> [What to do]: Make an exact copy of every entry below, with the pictures left out.
BEGIN Raw data
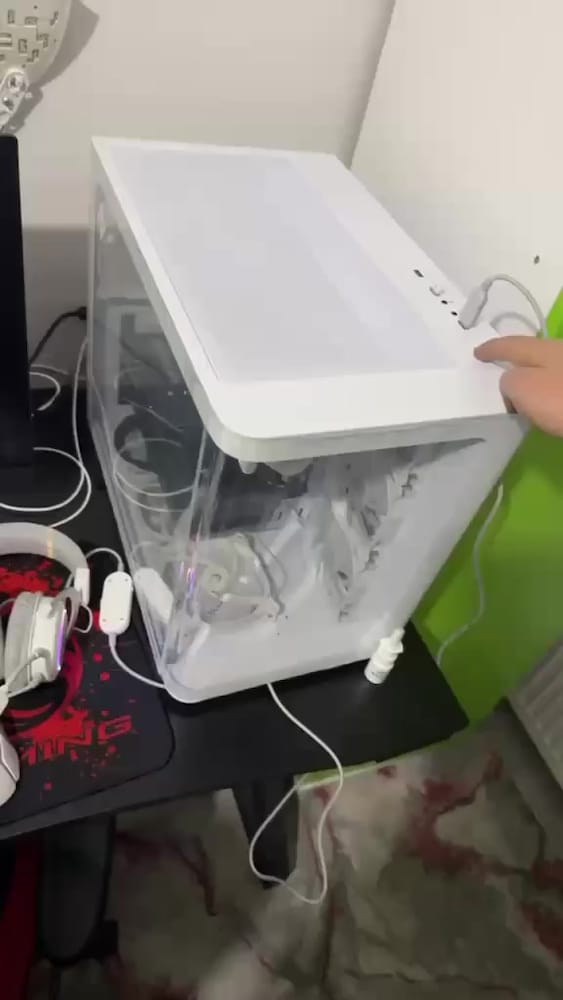 RTX 4070 SUPER Oyuncu Sistemi + XDrive Atak Oyuncu Koltuğu + Masa - 2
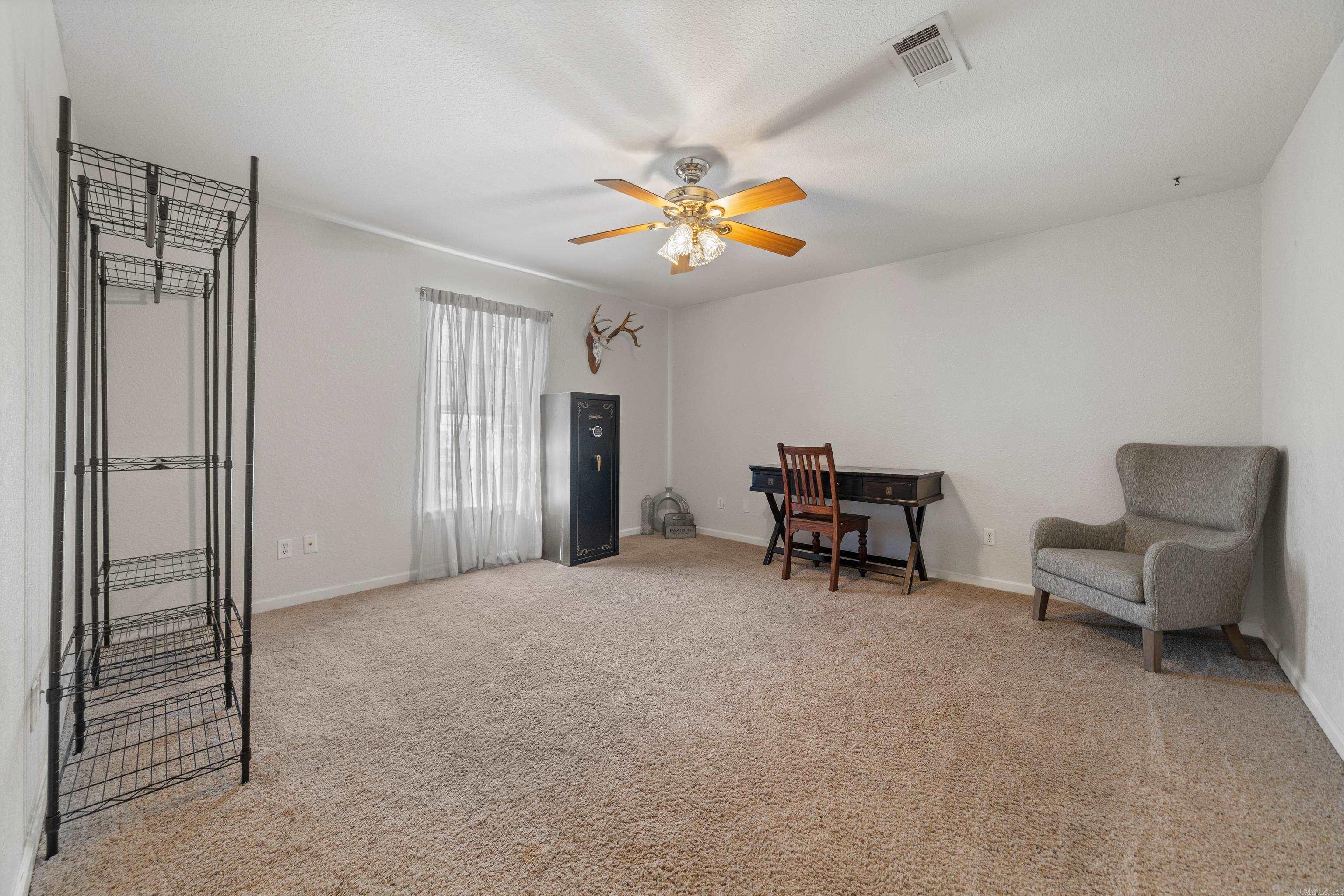 COMPADRE ESTATES - Residential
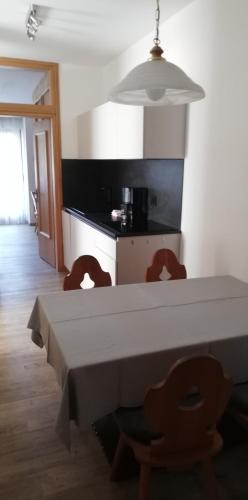 Η κουζίνα ή μικρή κουζίνα στο Ferienwohnungen St Hippolyt mit Hallenbad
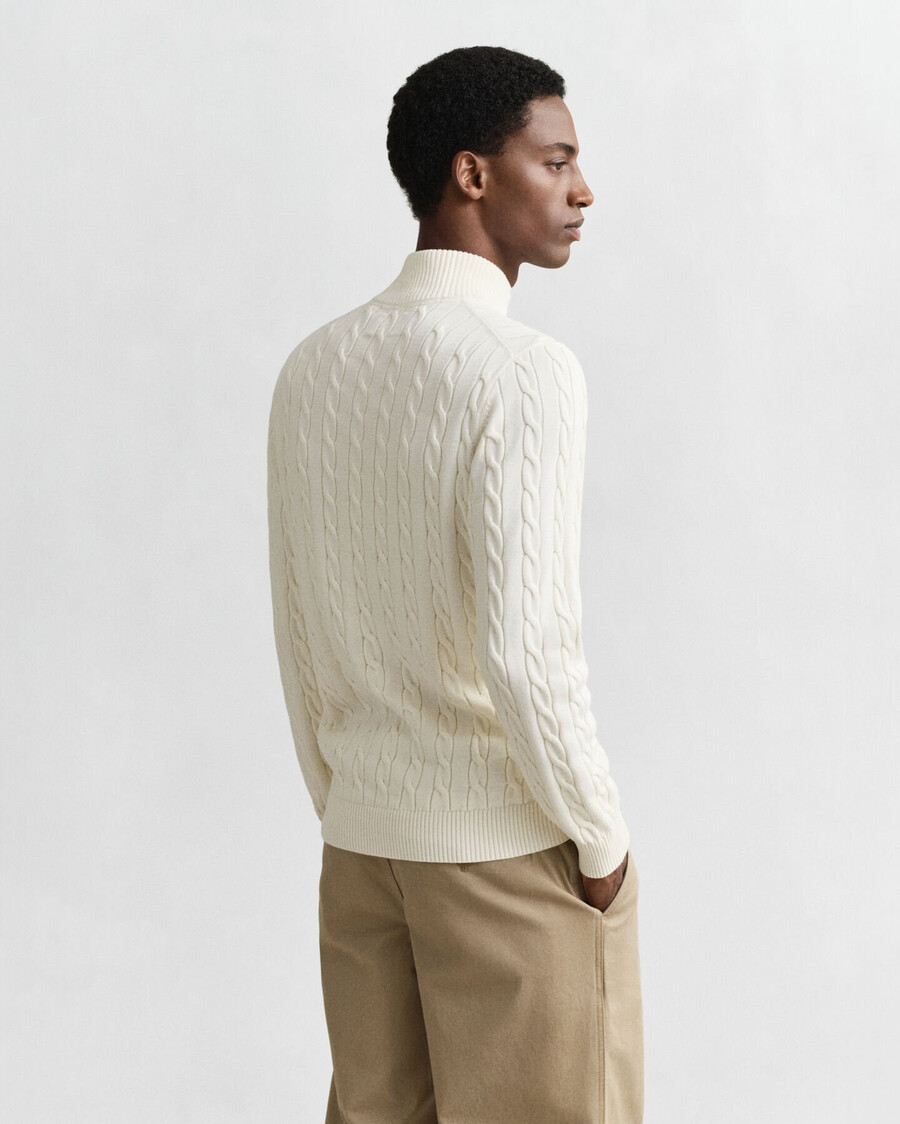 baumwoll-zopfstrickpullover mit halbem reißverschluss – creme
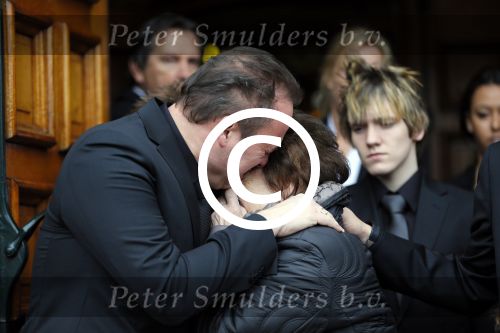 Fijnaart 10 januari 2015                                                                                                     Begrafenis van de vader van Frans en Dorus Bauer; Chris in de kerk in Fijnaart.De moeder van Frans en Mariska en de kinderen zijn natuurlijk aanwezig.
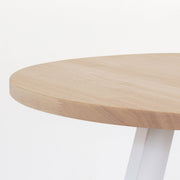 かなでもののラバーウッドの天板AshGrayとホワイトの4pinアイアン脚を組み合わせたすっきりとしたデザインの直径65cmのカフェテーブル（天板と脚）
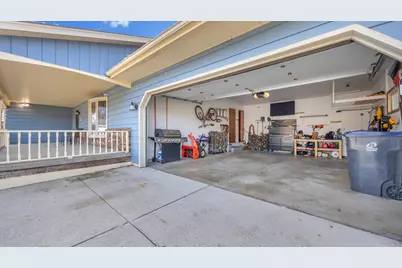 214 S Bruns Ave, Plymouth, WI 53073 - Photo 37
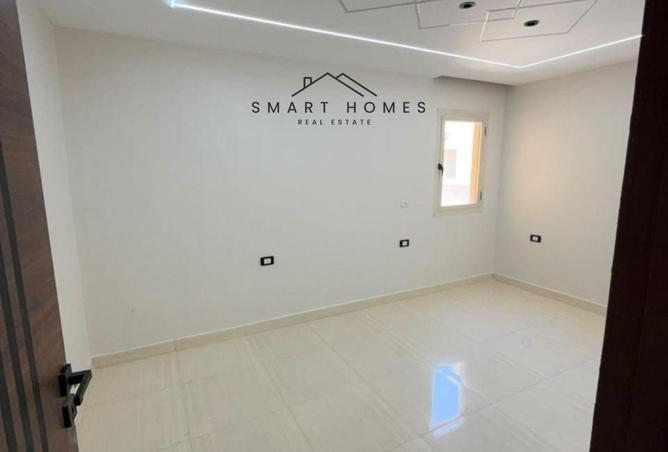 104890255 - Property Image 3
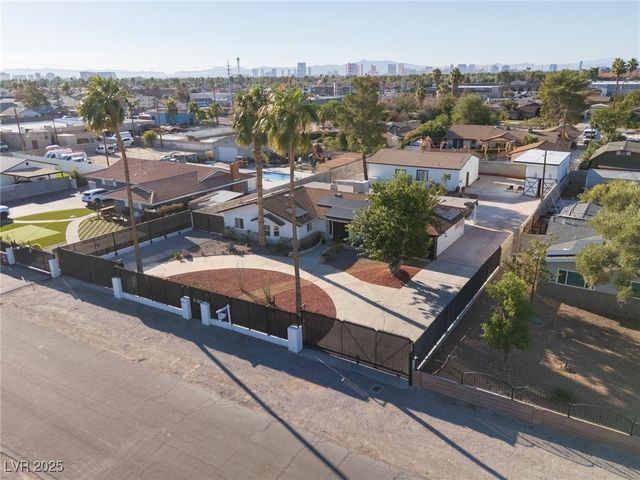 4945 Stacey Avenue, Las Vegas, NV 89108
END Raw data
> [Solution to the exercise]:
 RTX 4070 SUPER Oyuncu Sistemi + XDrive Atak Oyuncu Koltuğu + Masa - 2
 COMPADRE ESTATES - Residential
 Η κουζίνα ή μικρή κουζίνα στο Ferienwohnungen St Hippolyt mit Hallenbad
 baumwoll-zopfstrickpullover mit halbem reißverschluss – creme
 Fijnaart 10 januari 2015                                                                                                     Begrafenis van de vader van Frans en Dorus Bauer; Chris in de kerk in Fijnaart.De moeder van Frans en Mariska en de kinderen zijn natuurlijk aanwezig.
 かなでもののラバーウッドの天板AshGrayとホワイトの4pinアイアン脚を組み合わせたすっきりとしたデザインの直径65cmのカフェテーブル（天板と脚）
 214 S Bruns Ave, Plymouth, WI 53073 - Photo 37
 104890255 - Property Image 3
 4945 Stacey Avenue, Las Vegas, NV 89108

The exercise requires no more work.